Start of AVAILABLE DATA

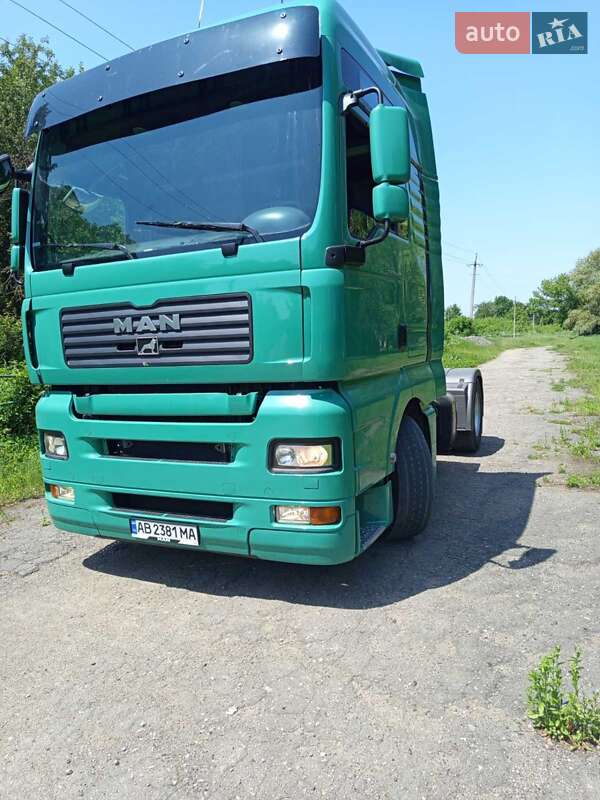 Зерновоз MAN TGA 2007 в Могилев-Подольске
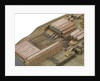 Topographical model by Richard Pickthorne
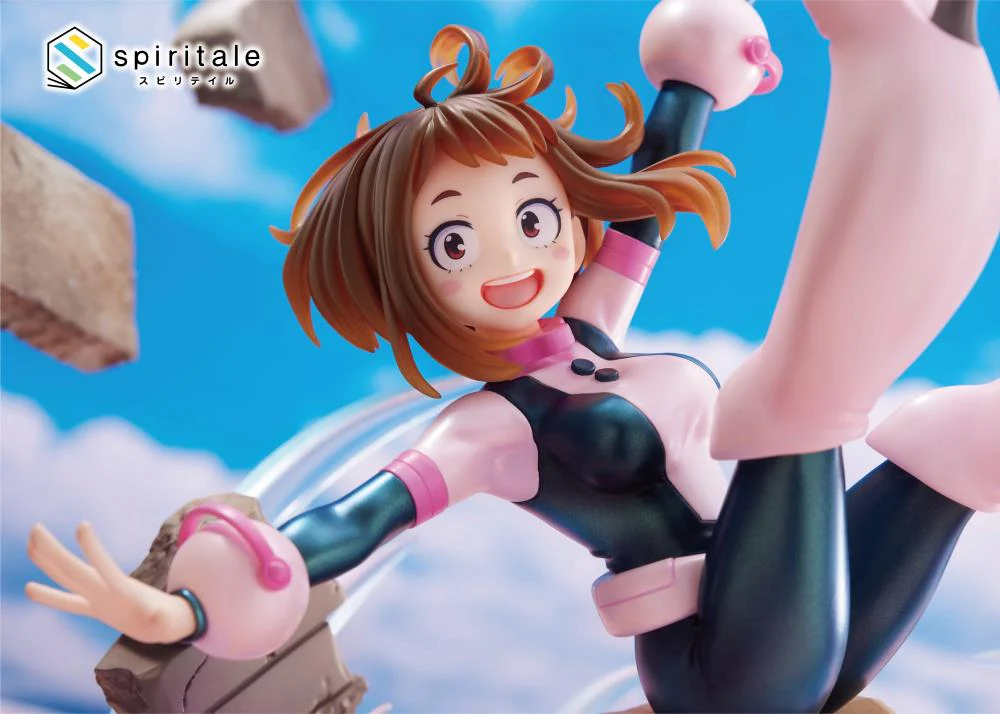 My Hero Academia Spiritale Ochaco Uraraka 1/7 Scale Figure - Image 4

End of AVAILABLE DATA

Could you restate the material word for word, skipping any pictures it holds?

▶ SOLUTION TO THE PROBLEM
 Зерновоз MAN TGA 2007 в Могилев-Подольске
 Topographical model by Richard Pickthorne
 My Hero Academia Spiritale Ochaco Uraraka 1/7 Scale Figure - Image 4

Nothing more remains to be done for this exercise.